MG had run up DM1.8bn of losses in 1992/93, rather than the DM347m declared by Mr Schimmelbusch. On top of this is a potential DM1.5bn of losses as MG extracts itself from disastrous forays into the US energy futures market. Most difficult to explain is the fact that more than half of the DM1.8bn losses was in business operations, which the supervisors had failed to spot. Mr Schimmelbusch was not entirely forthcoming with details, and for this he is being investigated by the Frankfurt state prosecutor's office. But who said supervisory boards had to work with their eyes closed?

Certainly, no one can claim that those charged with minding MG's management are second-rate. The head of the supervisory board is Ronaldo Schmitz, corporate finance chief at Deutsche Bank, which rotates the chairmanship with Dresdner Bank, represented by its board member Bernhard Walter. Then there is Gerhard Liener, chief financial officer of Daimler-Benz, and Henning Schulte-Noelle, chief executive of Germany's insurance colossus, Allianz.

The fact that men of this calibre were embarrassed raises questions about the system of corporate governance. It casts a shadow on the intricate network of cross- shareholdings that shape big business in Germany. And in particular, it highlights the perennial controversy about the ubiquitous role and influence in industry of the banking behemoths.

MG offers a model case study. Together, Deutsche and Dresdner banks, Daimler-Benz and Allianz, own over 40 per cent of MG. The remaining big institutional shareholder is the government of Kuwait, with 20 per cent.

Deutsche Bank is also MG's biggest creditor, to the tune of DM539m. It chairs the supervisory board and steers shareholder meetings.

Deutsche has DM24bn worth of non-bank holdings; it sits on hundreds of supervisory boards. Dresdner has over DM15bn of stakes in non-banking businesses. To apologists, and there are many, this is one of the keys to the success of German capitalism.

The extensive direct involvement of the banks in industry, in particular, and the tradition of big firms taking cross-holdings in one another, in general, encourages a degree of corporate stability, it is argued, that Anglo-Saxon systems can only envy. The presence of the banks fosters the long-termism that German business prides itself on.

In MG's case, Deutsche and Dresdner did their utmost to ensure its survival, precisely because of their stakes and commitment to the business. Would banks in other countries have had the power and will to force such a vast crew of angry creditors into line behind a rescue plan?

The influence of the banks is a vital element in Germany's peculiar form of protectionism. This has nothing to do with external trade barriers; Germany is a very liberal, open economy. Its protectionism is internal, as the mutually supportive network of cross-shareholdings in effect closes corporate Germany to unwanted interference.

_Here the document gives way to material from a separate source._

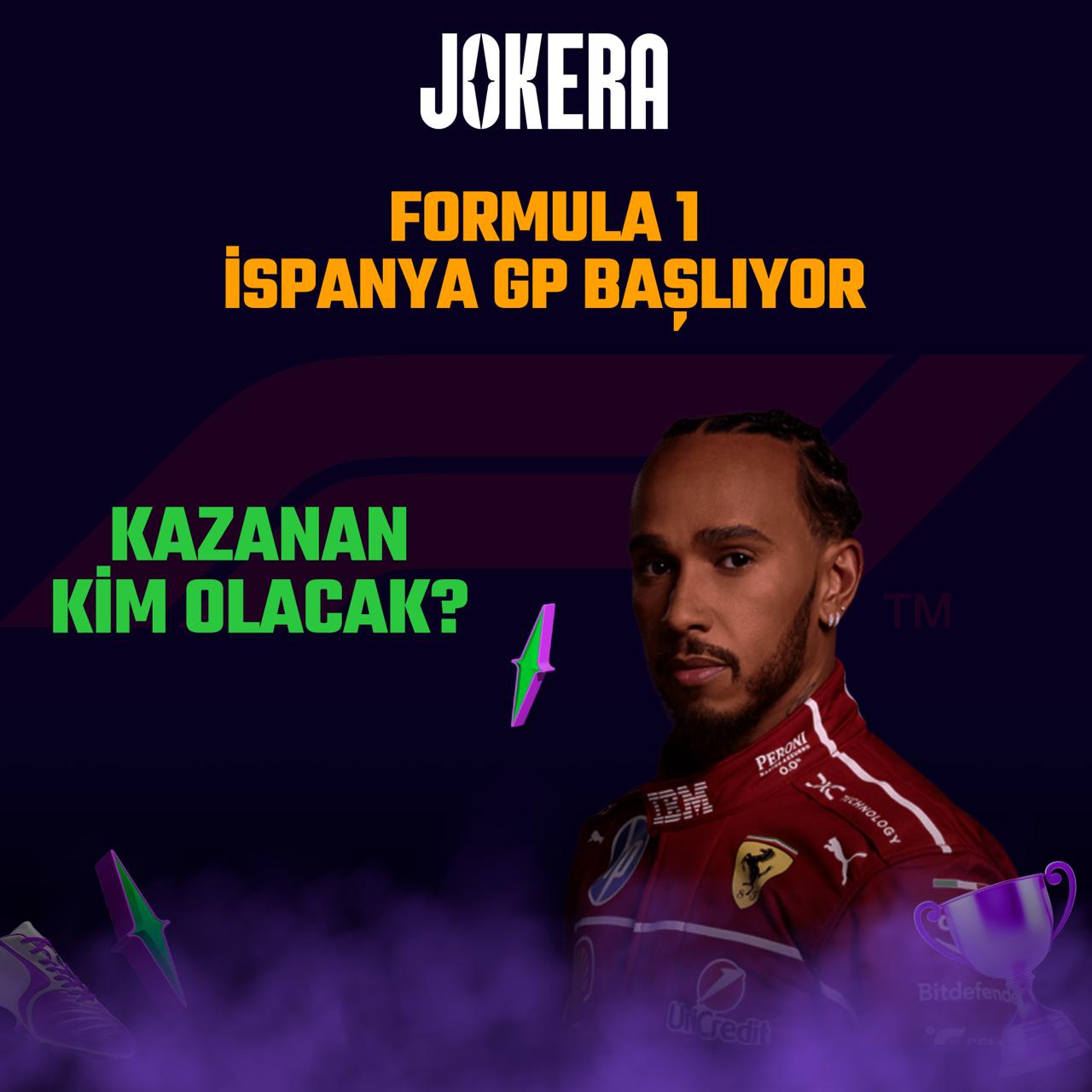 Post görseli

It is no surprise that boardroom coups and hostile takeovers are so rare. This sort of closed system offers great stability, the chance to make mistakes and correct them. But it also harbours dangers when security slides into intimacy, creating a cosiness in which criticism gives way to credulity and those who are meant to be scrutinising and controlling become sloppy. There is far too much clubbiness in mutually protected corporate Germany, and MG appears to be a casualty of its worst excesses.

Hilmar Kopper, the chief executive of Deutsche Bank, has misgivings about the extent of his institute's role in industry. He has begun a quiet, slow-burning revolution. Deutsche is reducing its stake in Daimler-Benz to just below the blocking majority of 25 per cent. It is cutting its 25 per cent stake in Karstadt, the retailer, to 10 per cent.

As board member, Deutsche wants to take its industrial holdings 'out of the political firing line regarding the apparent power of the banks'. The MG debacle has enflamed this debate again, much to Mr Kopper's embarrassment and ire. But if it jolts the banks and big business into taking a critical look at the weaknesses in Germany's system of corporate governance, then much good could come from MG's painfully narrow escape.